Quotas de bacheliers techno et pro (article 18) – Un amendement gouvernemental a tenté de revenir au texte des députés : "les quotas ne doivent pas être fixés de manière dogmatique : ils ne sont pas nécessaires dans les territoires où les choses se passent naturellement bien. Les recteurs ne doivent intervenir, en lien avec les responsables d'établissement, que lorsque le nombre de bacheliers technologiques et de bacheliers professionnels admis, respectivement, dans les IUT et les STS est insuffisant", a essayé de faire valoir la ministre. La rapporteure Dominique Gillot est restée sur ses positions, tandis que l'UMP Jacques Legendre a pris un malin plaisir à soutenir Geneviève Fioraso : "Madame la ministre, votre majorité vous cause parfois quelques tourments. Il faut donc bien que l'opposition vous aide un peu : je voterai très volontiers l'amendement n° 334. J'ai dit tout le mal que je pensais des quotas, système qui me semble beaucoup trop rigoureux. Introduire un peu de souplesse est tout à fait nécessaire". A l'issue du vote, "J'ai fait ce que j'ai pu !", a-t-il ironisé.

Publication des statistiques d'intégration professionnelle des étudiants (article 14 A) – Un article a été ajouté au projet de loi : "Les établissements d'enseignement scolaire disposant d'une formation d'enseignement supérieur rendent publiques des statistiques comportant des indicateurs de réussite de leurs élèves ou apprentis aux examens, concours et diplômes qu'ils préparent.

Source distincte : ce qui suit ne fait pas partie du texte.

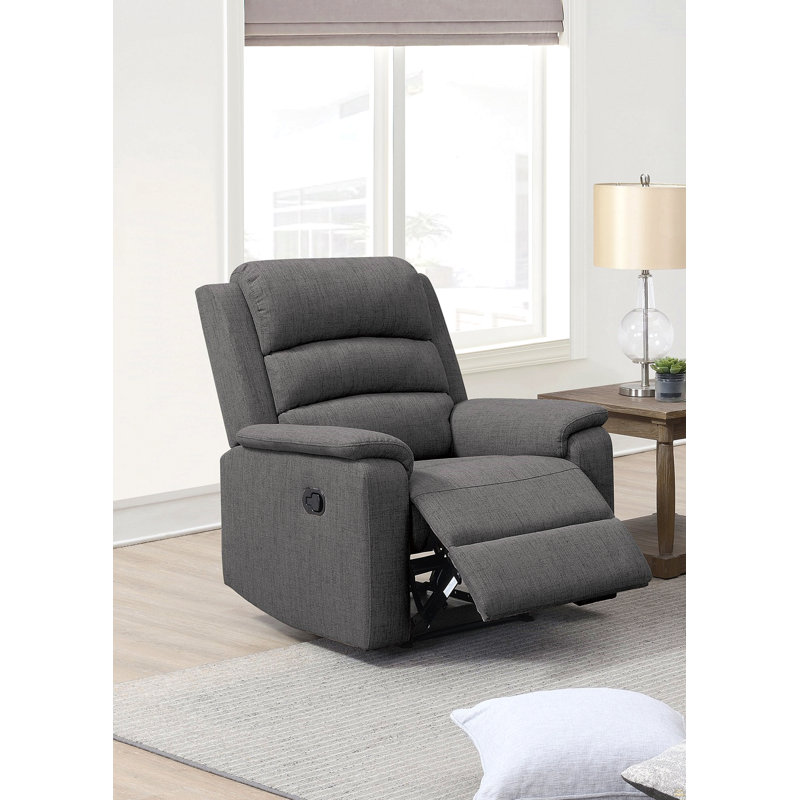 Fauteuil inclinable en tissu Burlap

Ces établissements diffusent également une information générale sur les taux de poursuite d'études et d'insertion professionnelle dans chacun des domaines qui les concernent. Chaque élève ou apprenti est obligatoirement informé de ces données statistiques avant son orientation dans un nouveau cycle ou une formation supérieure."

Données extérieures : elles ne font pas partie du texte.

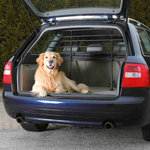 Car dog grid, width: 85–140 cm height: 75–110 cm, black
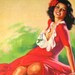 RARE Mutoscope Card Pin Up UNKNOWN ARTIST - Sitting Pretty - Circa 1945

Cordées de la réussite – Malgré une "surenchère d'amour et de preuves d'amour pour les Cordées de la réussite" dans le débat parlementaire, ainsi que l'a observé Geneviève Fioraso, l'amendement défendu par Sophie Primas qui visait à pérenniser ce "dispositif souple, très peu coûteux et qui fait ses preuves sur le terrain", lancé en 2008, n'a pas été retenu. "Il n'y a pas de problème : nous y attachons autant d'importance que vous", a assuré la ministre, tout en estimant que cela ne relevait pas de la loi.

Election du président d'université – Deux amendements, l'un défendu par le CRC Michel Le Scouarnec, l'autre par l'écologiste André Gattolin, visant à changer le mode de désignation du président d'université pour "renforcer sa légitimité" a permis à Geneviève Fioraso de se poser en défenseure des collectivités : "les membres non élus du conseil d'administration peuvent légitimement participer (à l'élection du président). (…) Ainsi, les représentants des collectivités territoriales, dont l'apport financier peut parfois être supérieur à celui de l'État lorsque l'on cumule leurs contributions au développement universitaire et aux projets de recherche, peuvent légitimement siéger au conseil d'administration. Cette disposition est d'autant plus juste que les collectivités territoriales participent aussi à l'amélioration des conditions de vie des étudiants et à l'insertion des pôles universitaires et de recherche dans la ville ou dans la métropole, grâce à la desserte par les transports en commun, à la construction d'équipements sportifs et à la création d'une offre culturelle. Je le répète, il est normal que les collectivités territoriales, qui contribuent ainsi à la réussite des étudiants, soient représentées au sein du conseil d'administration et que leurs représentants soient traités comme des administrateurs à part entière". Les amendements, eux, n'ont pas été adoptés.